Andrew Drilon is the 2nd-place winner for the comics category in last year's Philippine Graphic/Fiction Awards. His fiction has appeared in publications like Bewildering Stories, Digest of Philippine Genre Stories, and Philippine Speculative Fiction while his comics work can be found at The Chemistry Set (Kare-Kare Komiks).
Tell us something about yourself.
My name's Andrew Drilon; I'm 22 years old with a Godzilla love for comics. I buy them, read them, make them and try my best to understand them, which is harder the more you get into it.
How did you come up with the idea for your story?
"Lines and Spaces" was conceived as an homage to Alex Niño, one of the best Filipino comic book artists ever. I've been a fan of his work for a long time, and part of the story came out of a fanboy wish to experience his psychedelic worlds and perhaps try to emulate them. So the idea was to make a story where an artist literally dives into a comic book that he's making (which is also a tribute to his favorite artist) in an effort to understand comics and perhaps himself. It's basically about how inspiration is passed on through generations of artists, and of how emotions like love and loss are intertwined with the creative process.

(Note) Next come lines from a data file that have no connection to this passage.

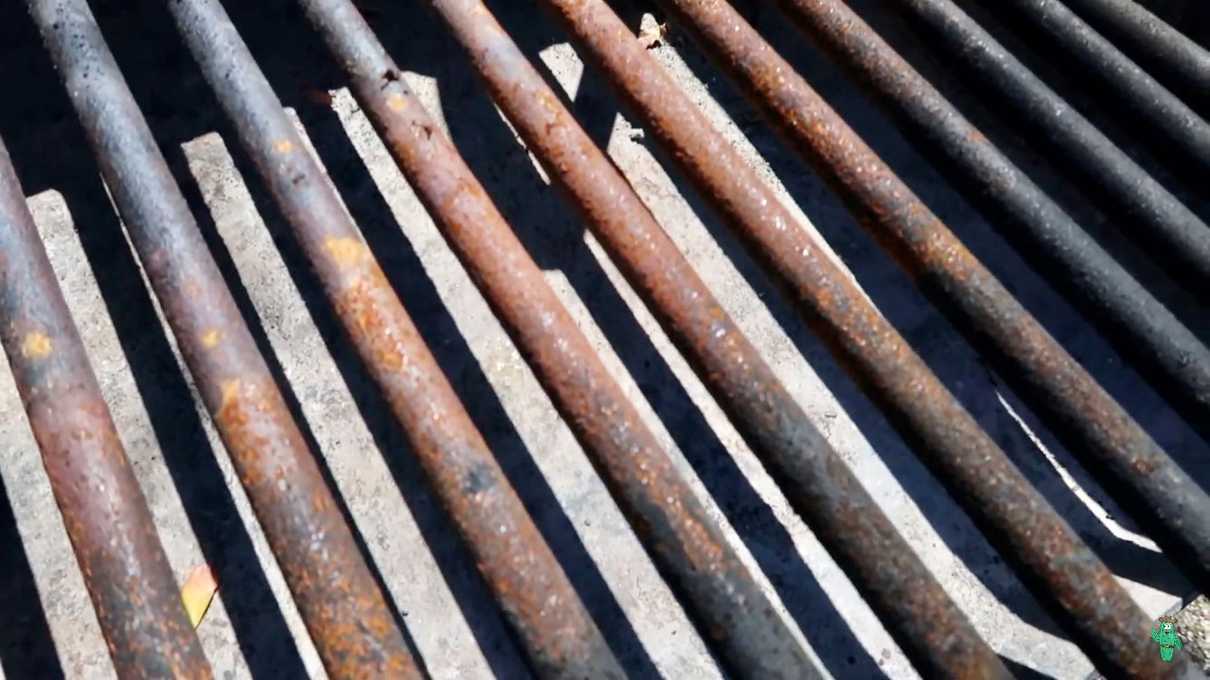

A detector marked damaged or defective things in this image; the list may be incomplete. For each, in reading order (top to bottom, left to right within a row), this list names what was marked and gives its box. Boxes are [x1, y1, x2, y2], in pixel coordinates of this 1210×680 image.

rusty metal rod [0, 135, 212, 676]
corroded iron bar [0, 135, 212, 676]
corroded iron bar [27, 2, 420, 676]
rusty metal rod [26, 2, 422, 676]
corroded iron bar [164, 0, 620, 676]
rusty metal rod [168, 0, 624, 676]
corroded iron bar [298, 0, 816, 676]
rusty metal rod [298, 1, 816, 676]
rusty metal rod [390, 1, 1008, 680]
corroded iron bar [390, 1, 1008, 680]
corroded iron bar [536, 1, 1200, 676]
rusty metal rod [536, 2, 1200, 676]
corroded iron bar [768, 0, 1208, 584]
rusty metal rod [768, 0, 1210, 576]
rusty metal rod [884, 0, 1208, 290]
corroded iron bar [888, 0, 1208, 290]
corroded iron bar [980, 0, 1208, 173]
rusty metal rod [980, 0, 1208, 175]
corroded iron bar [1064, 0, 1208, 110]
rusty metal rod [1064, 0, 1208, 111]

What was the most challenging part of the competition?
Making the comic! The hardest part of it was figuring out how to do a visual tribute to Alex Niño, when clearly there was no way I could draw like him short of copying his work. In the end, I decided to call the absent artist "Axel Nuñez", which freed me up to create characters and vistas that paid tribute to Niño's work without straight-out plagiarizing them. Then I struggled to conflate the story in 8 pages, because I tend to make narratively dense comics, and this one needed space to breathe. It worked out well in the end, because Niño's personal work tends to have a travelogue feel to it, and I think the comic managed to achieve that.

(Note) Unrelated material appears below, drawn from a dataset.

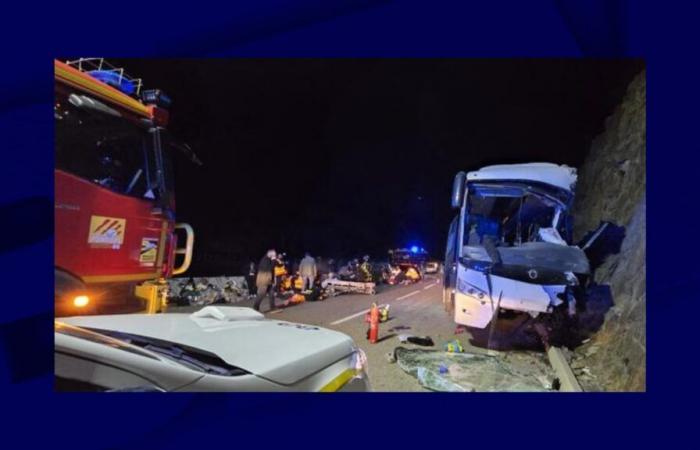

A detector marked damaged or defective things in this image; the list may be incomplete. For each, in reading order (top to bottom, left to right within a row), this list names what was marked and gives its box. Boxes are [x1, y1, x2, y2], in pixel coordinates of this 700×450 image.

What was the coolest moment you experienced when you won the Philippine Graphic/Fiction Awards?
Lots of moments, really. Halfway through the program, I discovered, belatedly, that I was sitting next to Neil Gaiman's son, Michael, who's like 2 years older than me. That was funny, because I actually thought he was one of the contestants. And then when my name was called, I think I lost my head a bit, because I couldn't believe it. I ran up the stage thinking "Awesome Oh Shit I Can't Believe This It's Not Real" over and over, and when Neil Gaiman shook my hand, there were lots of people in the audience shouting "Kiss Him!" and I think impulse took over and I kissed him quickly on the cheek, to everyone's surprise. That was insane. The after-program dinner with Neil was also wonderful, even though I didn't get to talk much, because my brain was still on fire. It was my first time meeting Neil, and he was so pleasant and down-to-earth.
What advice can you give to those participating in this year's competition?
Do your stuff. Be yourself. I think it's clear, if you look at the previous winners of the competition, that the judges aren't necessarily looking for Neil Gaiman or Dave McKean-style comics. They're just looking for good comics. The thing I like about most of the winners is that they have a solid identity and style. Manix Abrera's stuff is Manix Abrera's stuff; it's not Sandman and it's its own brand of awesome. Have a good story and present it to the best of your ability; that's all you really have to do.
One more thing: competitions are always a crapshoot, but whether you win or you don't, keep making comics. I realize that a lot of people jump into this competition for the money, but I think it's a shame when they stop after that. The competition is there to inspire people to make comics, so we owe it to ourselves to keep at it. Keep writing, keep drawing, and share your talent with the world.